This repository contains historical SF housing data and R scripts to graph that data. The data here was used to generate the graphs and analysis in the blog post "Employment, construction, and the cost of San Francisco apartments", and was recently used in a paper by Stanford researchers, "The Effects of Rent Control Expansion on Tenants, Landlords, and Inequality: Evidence from San Francisco.".
Data for each year lives in the file named after the year. Later years may be listed as "craigslist-X".
You can get the rent out by running ./extract-craigslist craigslist-2016
for
example. Note the data is not perfect.
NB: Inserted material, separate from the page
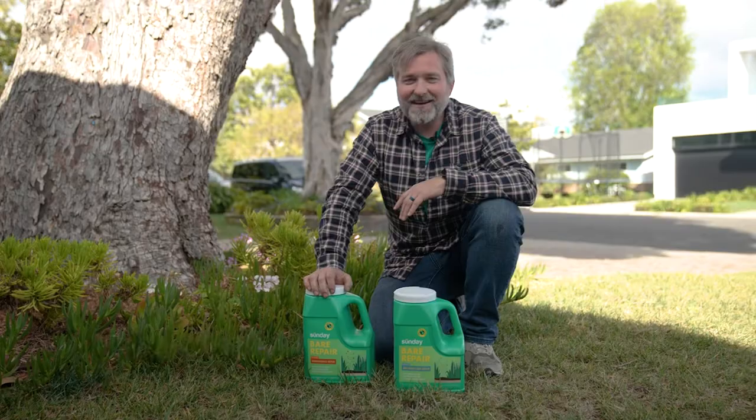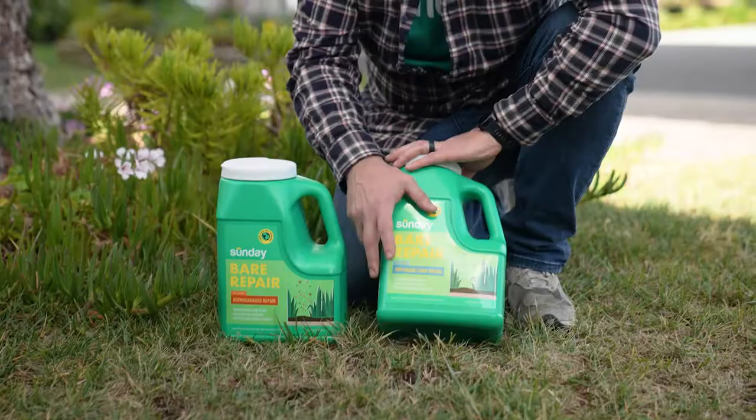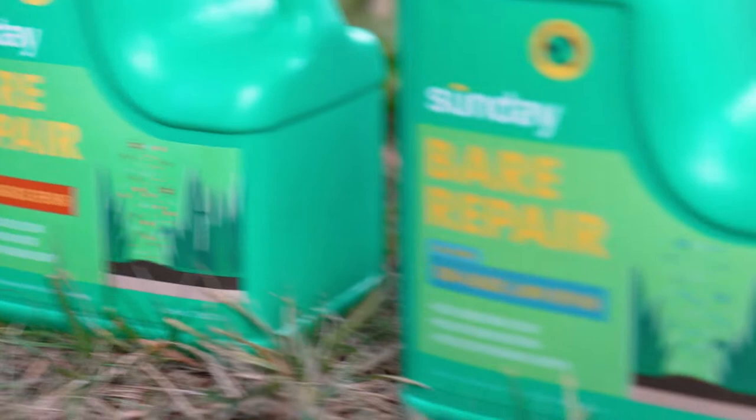Trent from Sunday here. Today we're talking about bear repair. We have our Sun and Shea blend here, that's good for northern climate areas and transitional zones, and then we have our Bermuda grass blend. You're only going to want to use this if you have a Bermuda grass lawn in the south.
Here are some samples in the 2016
Craigslist data, for example.
799000 Apr 29 Exceptional Pacific Heights TIC $799000 / 2br - (Pacific Heights) pic
800 Apr 29 Awesome 5 Bedroom Available $800 / 5br - 3895ft2 - (2483 N Smiderle, San Bernardino, CA) pic
99 Apr 29 Jr. 1 BD. Washer & Dryer in unit! $99 deposit $3425 / 1br - 550ft2 - (nob hill) pic map
(It's not clear if these prices have been stripped before generating the
averages in the housing-inventory
file).
You can combine a bunch of data sources by running the "combine" script,
./combine
. This generates the combined
file in this repository.
The charts in the blog post are generated by running the model
script in this
repository, on the combined
data.
calc-medians
computes the medians for each year in the file. It prints the
median, 95th, and 5th percentile for each year in the dataset. These values are
present in the medians
file in this repository.
To get the Craigslist data, open the SF rentals page, select all and copy/paste the page's contents into a text file. Keep copying every page into the same text file until done. Save this file as craigslist-YYYY-MM.
All Craigslist files should be combined into one per year, via eg:
cat craigslist-2019-* > craigslist-2019
After pulling in new data, recalculate the medians:
./calc-medians > medians